Former State Sen. Toni Boucher made a surprise announcement Wednesday morning: the long-time Wilton resident is re-entering the political arena to run for her former 26th District State Senate seat. The seat will be open in 2023 and on the November 2022 ballot following State Sen. Will Haskell‘s announcement earlier this year that he would not run again and attend law school in the fall instead.

Boucher, a Republican, served as Wilton’s state senator from 2008 to 2019 before Haskell, a Democrat, won the seat from her in a closely-watched election. Prior to that, she was Wilton’s State Representative from 1997 to 2008. During her time in Hartford, Boucher was Chief Deputy Leader in the Senate and Assistant Minority Leader in the House of Representatives.

A press release issued Wednesday morning said Boucher’s “love of public service and of helping people” pushed her to get back into state government again.

“Helping others and making a positive difference in people’s lives,” Boucher said in the statement. “That’s what I enjoy the most. As a state legislator, both in the senate and the house, I built strong relationships throughout our area communities with so many caring, generous, and wonderful people. I’m also very proud of my record of bipartisan legislative policy accomplishments which have helped to improve the quality of life for people of all ages across Connecticut.”

She complimented Haskell as well.

“I tip my cap to Sen. Haskell,” Boucher said.  “He is hard-working, personable, and cares deeply about Connecticut. I wish him nothing but success and happiness as he enters a new chapter of his life.”
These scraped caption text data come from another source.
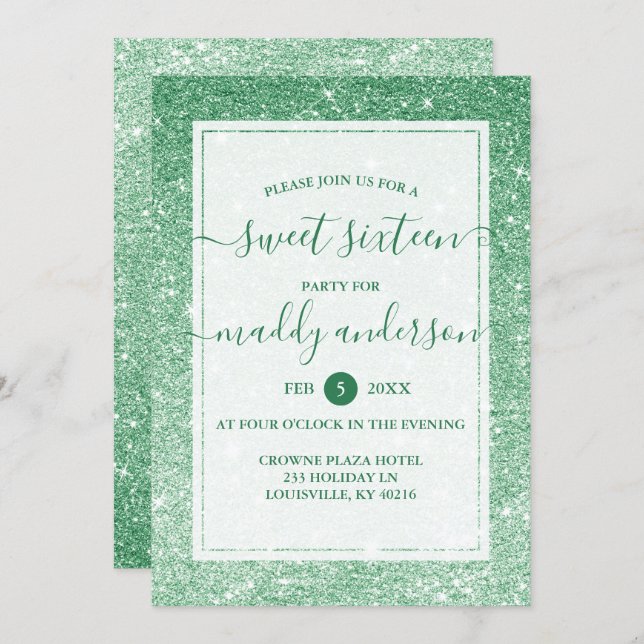 Emerald Faux Glitter Elegant Sweet 16 Birthday Invitation (Front/Back)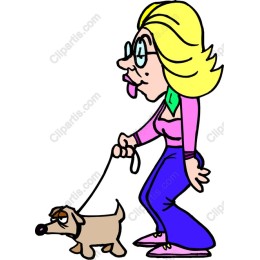 Cheerful Woman Walking Dog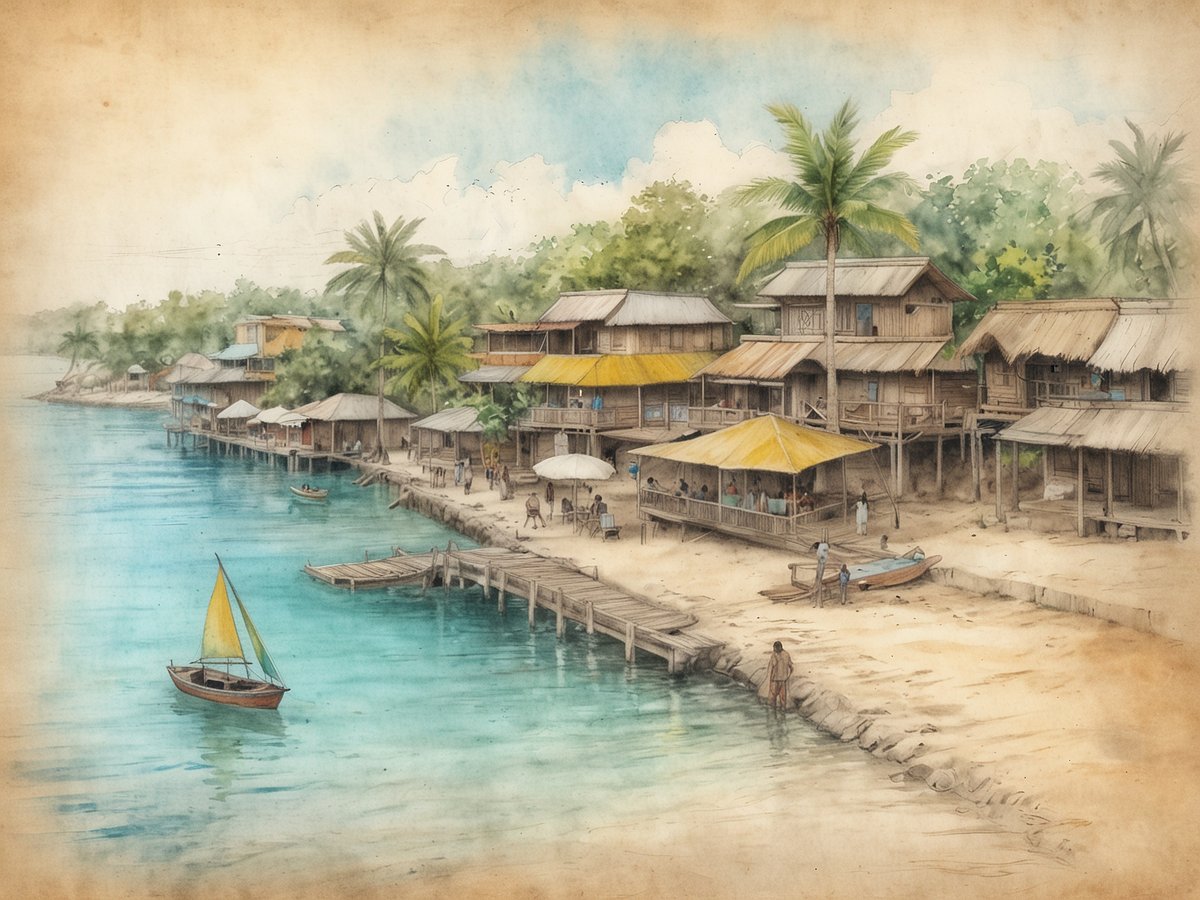 Das Bild zeigt eine malerische Küstenszene in Negril mit mehreren traditionellen Holzhäusern, die entlang des Ufers stehen. Die Gebäude sind auf Stelzen gebaut und einige haben farbige Dächer, darunter ein auffälliges gelbes Dach. Am Wasser sind mehrere Personen zu sehen, die sich am Strand aufhalten oder in der Nähe eines kleinen Boots mit einem gelben Segel. Palmen und üppiges Grün umgeben die Szene, während das klare, turquoise Wasser sanft am Ufer plätschert. Im Hintergrund sind sanfte Hügel und ein bewölkter Himmel zu erkennen.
The 26th District was reconfigured in the most recent census-based redistricting effort. The district no longer includes Bethel; its eastern border grew to include all of Weston and Westport, and its western border shifted to shrink its portion of New Canaan while extending a narrow tentacle through Darien into Stamford.

Political observers say the changes, which take effect for the 2022 election, will benefit the Democrats in a district that was solidly Republican before Haskell won in 2018.

There has been much curiosity and speculation about who would enter the race on the Republican ticket. So far, three Democrats have declared as candidates, although only two currently remain: Wilton resident Ceci Maher, who has been a member of Wilton’s Board of Finance and led two non-profit organizations but has not held elected office as a state legislator; and Westport resident and attorney Ken Bernhard, who had previously served in the state legislature as a Republican but changed his political affiliation to run for the seat as a Democrat.

Boucher has name recognition in the district she once held, but says she plans on campaigning “tirelessly” from now until November.

“I truly believe I have a lot more to give back to the people of southwestern Connecticut,” she said. “If Democratic, [unaffiliated] and Republican voters put their faith in me again, I will work tirelessly for them as their state senator.”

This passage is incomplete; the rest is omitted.